Question

A ladder 17 metre long is leaning against the wall. The base of the ladder is pulled away from the wall at a rate of 5 m/s. When the base of the ladder is 8 metres from the wall, at what rate, the area of the triangle formed by the ladder, wall, and the floor, is changing?

Answer 1

Let the height of the wall where the ladder touches are ‘y’ m.

The bottom of the ladder is at a distance of ‘x’ m from the wall.

Given x = 8, `dx/dt` = 5

x² + y² = 17²

Pythagoras Theorem

y² = 17² – x²

= 289 – 64

= 225

∴ y = 15

Differentiating w.r.t. ‘t’

`2x (dx)/dt + 2y (dy)/dt` = 0  .....(÷ 2)

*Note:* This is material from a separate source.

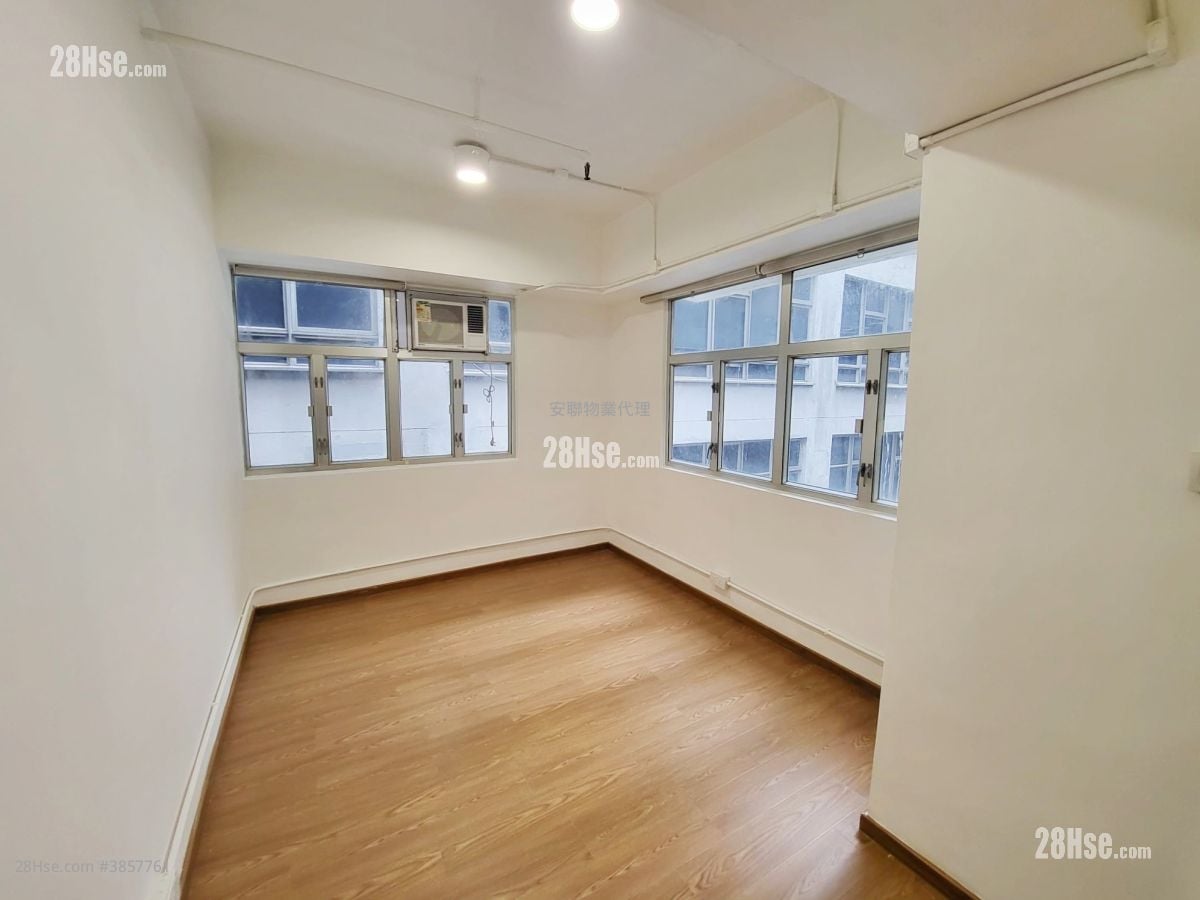 香港工業中心 租盤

`x (dx)/dt + y (dy)/dt` = 0

`8(5) + 15 (dy)/dt` = 0

∴ `(dy)/dt =  40/15`

= `- 8/3`

Area of triangle formed by the ladder, wall and the floor is A = `1/2` xy

Differentiating w.r.t. ‘t’

`(dA)/dt = 1/2[x (dy)/dt + y (dx)/dt]`

= `1/2[8(- 8/3) + 15(5)]`

= `1/2[(225 - 64)/3]`

= `161/6`

= 26.83

∴ Area of the triangle is increasing at the rate of 26.83 m²/sec.